A ideia por trás da bienal,
porém, não é apenas estética, mas também política. O evento —que começou em 27 de setembro e
se estende até 7 de outubro—
usa manifestações como o muralismo e o grafite para se opor a um projeto
turístico da Prefeitura de Bogotá que deve atravessar a região e desencadear
uma série de desapropriações.
A governo da capital
colombiana pretende construir ali um trecho que fará parte do Caminho das
Mariposas, um plano ambicioso para ligar, por uma série de vias para pedestres,
o extremo sul de Bogotá ao município de Chía, localizado ao norte da cidade.
O caminho que cortará o morro
em San Cristóbal tem três atrativos para o poder público: é perto do centro;
tem rica biodiversidade trazida pelo rio Fucha, que desce a montanha; e oferece
vistas paradisíacas da cidade.
‘Esta será possivelmente a
principal atração turística da Colômbia. Todos os cidadãos de Bogotá irão, os
turistas irão, eles apreciarão e aprenderão mais sobre a natureza’, disse o
prefeito Enrique Peñalosa ao apresentar um vídeo do projeto, em 2018.
Quando a construção for
levada a cabo, cerca de 1.400 pessoas que moram no topo do morro terão que ser
realocadas, deixando para trás casas construídas, nas palavras de David, ‘aos
domingos’, quando seus moradores não estão trabalhando, aproveitando o pouco
tempo —e dinheiro— que sobra.
O Alto Fucha é habitado desde
o final dos anos 1950 e remete a uma favela brasileira, com uma mistura de
casas de madeira e alvenaria interligadas por ruas de chão batido e uma
sequência de escadarias.
Os moradores da região sofrem
com um problema típico de locais pobres: escassez de transporte público. Há
poucos ônibus ligando o alto do morro ao centro da cidade, e motoristas de
aplicativo têm dificuldade para acessar o local.
David critica o projeto da
prefeitura, que deve afastar a população do centro e deslocá-la para as franjas
da capital, e afirma que a intenção da bienal é trazer à tona a questão de quem
tem direito à cidade.
Na prática, isso se traduz na
ocupação do território com obras feitas coletivamente pelos moradores, algumas
mais e outras menos politizadas.
São murais de azulejos,
grafites, esculturas, apresentações de teatro, de música e feiras
gastronômicas.
‘Tentamos lidar com os
problemas pela arte.

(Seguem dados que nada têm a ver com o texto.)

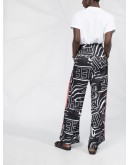 graphic print wide-leg trousers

Não vamos fazer trabalhos a partir das ciências sociais’,
diz David.
Duas obras realizadas na
primeira bienal, em 2017, exemplificam esta lógica: o grafite que estampa a
parede de um centro comunitário, no qual se lê somos a alegria do Fucha, e a
fachada de uma casa onde foram pintadas mariposas gigantes, de uma espécie
encontrada na região.
Uma terceira obra, realizada
neste ano pelo próprio David, encara a questão da desapropriação de frente: um
mural de azulejos retrata uma mão lançando dados acompanhada dos dizeres ‘nenhuma
decisão sem nós sobre nós’ e ‘perca a sua casa’.
Trata-se de uma ‘luta por
legitimar a existência do bairro’, diz o escultor Humberto Zanabria, um artista
local.
A bienal tem também a função
de valorizar os talentos dos moradores com inclinação artística, mas que não
frequentaram escolas de arte.
‘Eles são artistas empíricos.
Se alguém toca guitarra e toca bem, eu vou incentivar essa pessoa e dar espaço
para ela [no evento]’, diz David.
Não há uma data exata para
que o Caminho das Mariposas comece a ser construído no morro.
O projeto ainda depende de
garantias ambientais, pois alterará o equilíbrio ecológico da região, e tem
recebido críticas das famílias afetadas pelas desapropriações. A prefeitura
quer que a licença seja concedida ainda neste ano.
O cenário não parece alterar
o questionamento dos moradores locais: ‘A bienal é sobre como se reivindica a
cidade com arte. Por que essas pessoas não têm o direito de morar aqui?’,
indaga David.
Fonte: João Perassolo
| FSP
(JA, Out19)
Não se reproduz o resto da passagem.